New UAW Concessions

United Auto Workers president Ron Gettelfinger gave his most open pledge yet Sunday that the union would work to impose further sharp concessions on US auto workers.

Speaking to CNN’s Wolf Blitzer on “Late Edition,” Gettelfinger said the union is “prepared to go back to the bargaining table” and reopen the four-year labor agreements signed in 2007.

The UAW president’s remarks came as Detroit’s Big Three automakers were readying proposals to present to Congress on Tuesday that will include outlines for further downsizing and cost-cutting in the attempt to return the companies to profitability. According to a report in the New York Times Monday, these plans include a “significant shrinking” of GM’s North American operations, including shutting more factories, eliminating brands and delaying or reneging on billions the company pledged to pay into a newly-established union-controlled fund for retiree health care benefits.

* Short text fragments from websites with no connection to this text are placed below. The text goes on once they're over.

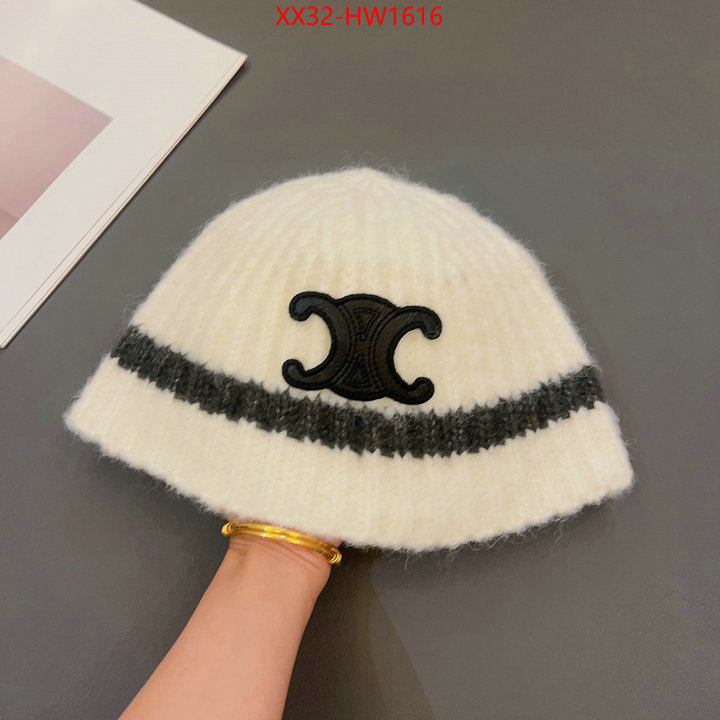 Cap (Hat)-Celine,wholesale designer shop , ID: HW1616,$: 32USD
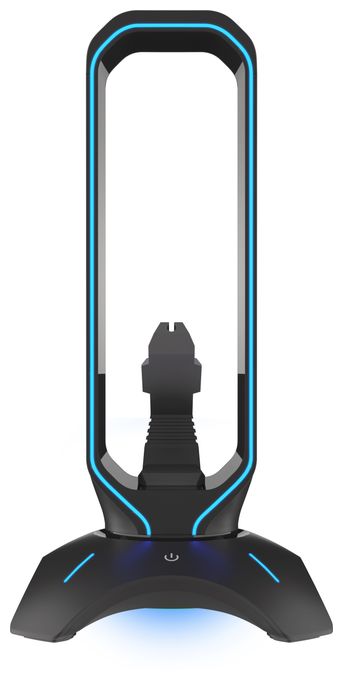 Headset-Ständer  Vanad 500 Bungee (Schwarz) 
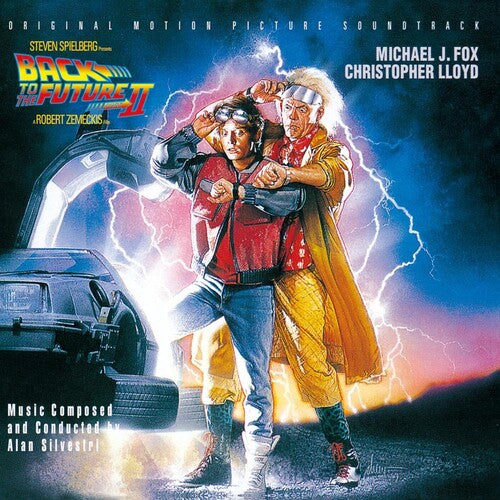 Original Motion Picture Soundtrack: Back to the Future Part II [Limited Edition Import CD] CD Geffen Records
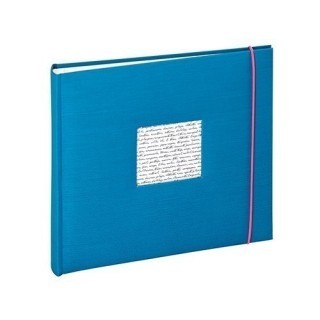 PANODIA LINEA ALBUM POCH200 PHOTOS 115X15 BLEU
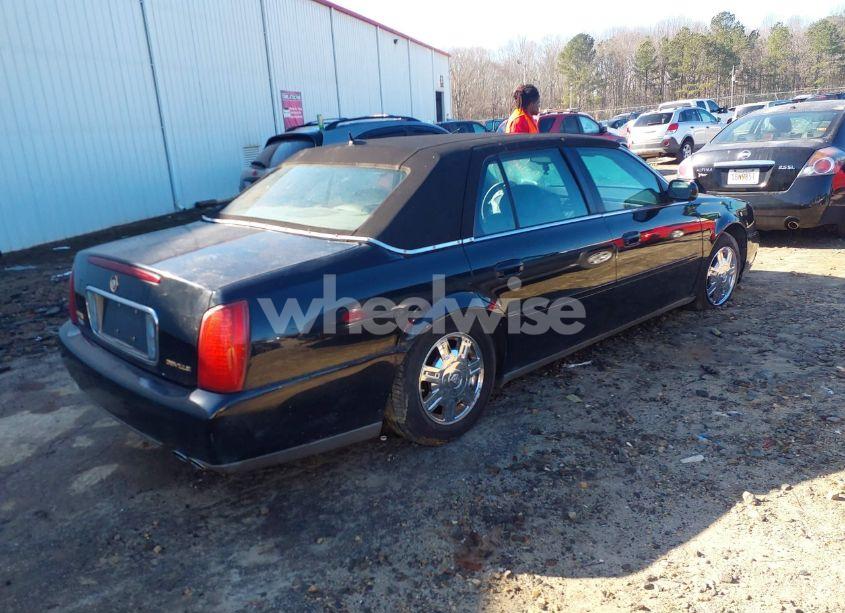 Photo 4 of 2005 Cadillac Deville STANDARD (VIN 1G6KD54Y85U135207)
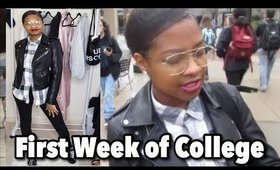 College Vlog: First Week of College!! [#17- Season 2]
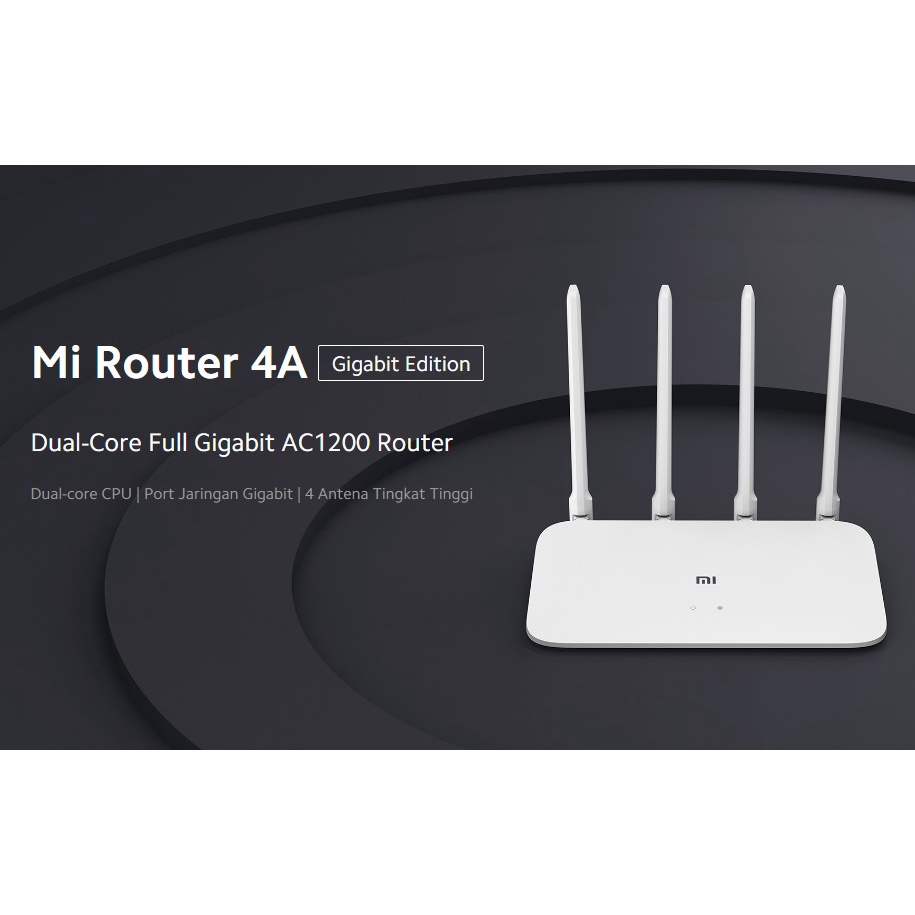 Mi Router 4A Gigabit Edition Xiaomi WiFi OpenWrt
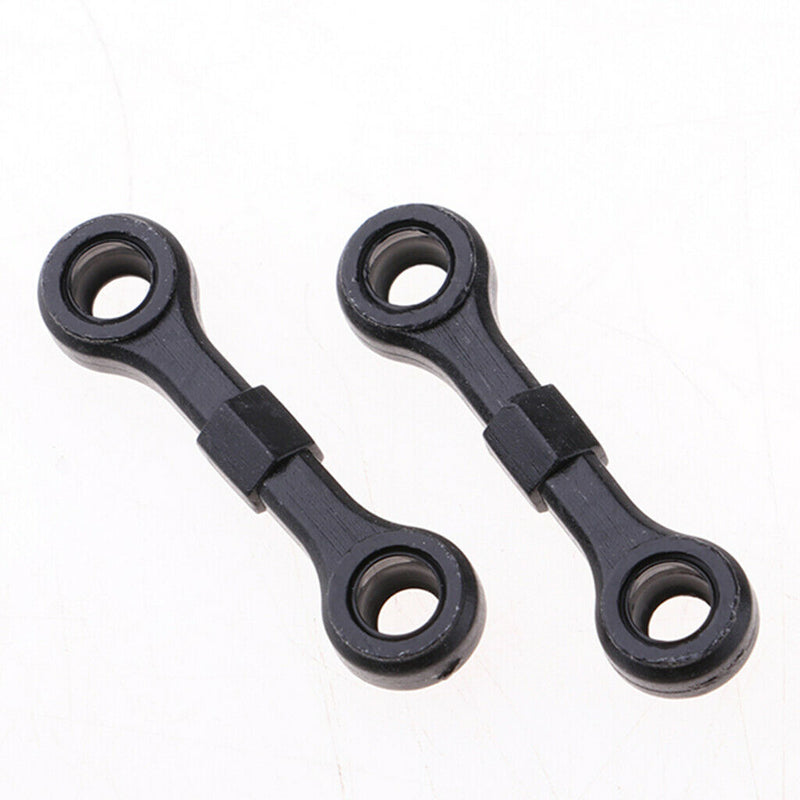 8 PCS RC Truck Car Steering Tie Rod Upgrade Parts Suitable for WLtoys RC Car
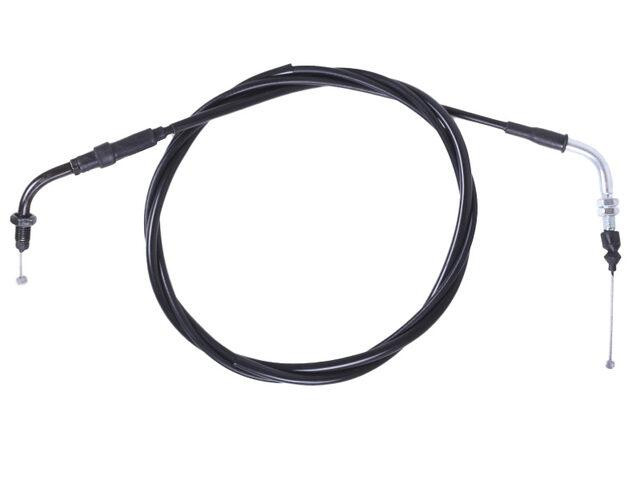 Трос газу 9D (Шторм) L-2170 мм (верх різь, низ різі) Мукачево - фото 2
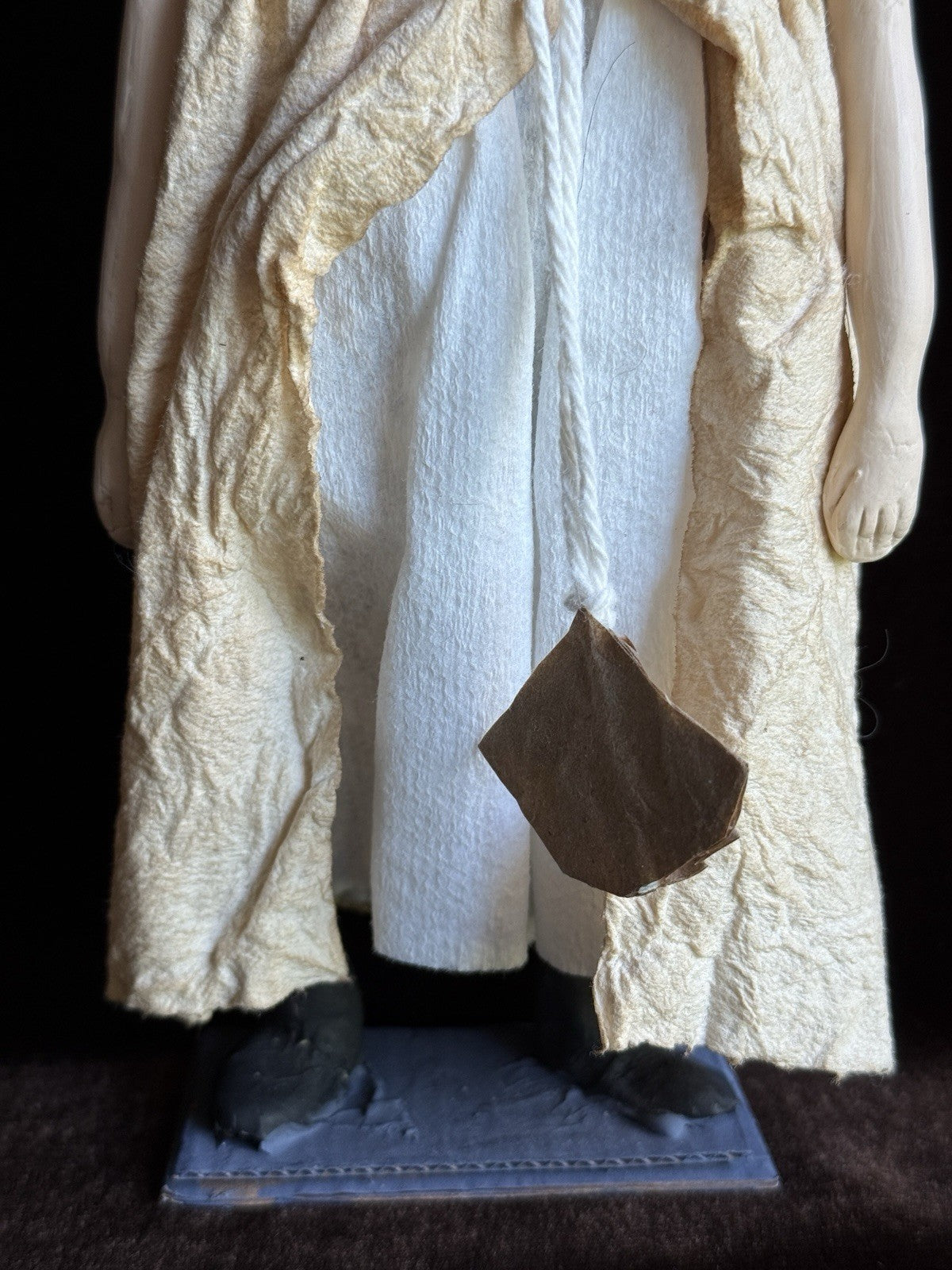 OOAK 3 Contemporary Artist Mixed Media Dolls Figurines
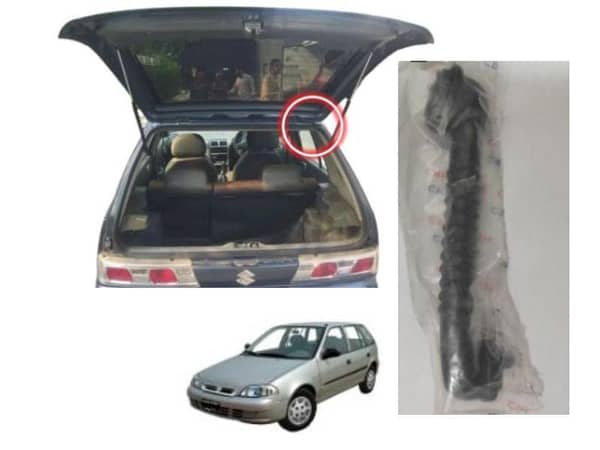Suzuki Cultus Diggi Pipe | 1 Piece | Trunk Pipe / Trunk Wiring Pipe
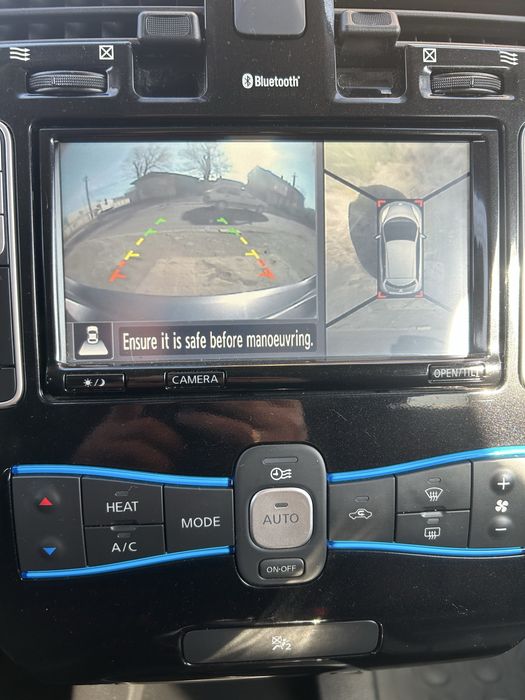 Nissan Leaf 24 kWt Tekna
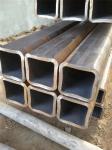 ERW Galvanised Steel Hollow Square Metal Tubing Low Carbon Q345B Grade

Both Democrats and Republicans have demanded concessions in return for any government loan to avert bankruptcy. The UAW bureaucracy completely accepts the consensus of the American political and media establishment, and is working behind the backs of its membership to negotiate cuts.

The contracts signed by the union last year imposed historic concessions on auto workers, including a fifty percent cut in wages for new-hires and so-called non-assembly workers, and the ending of employer-paid retiree health care benefits. But this was considered inadequate by the most powerful financial and political interests, which are using the crisis in the auto industry to destroy the conditions of auto workers and set a precedent for an attack on the entire working class.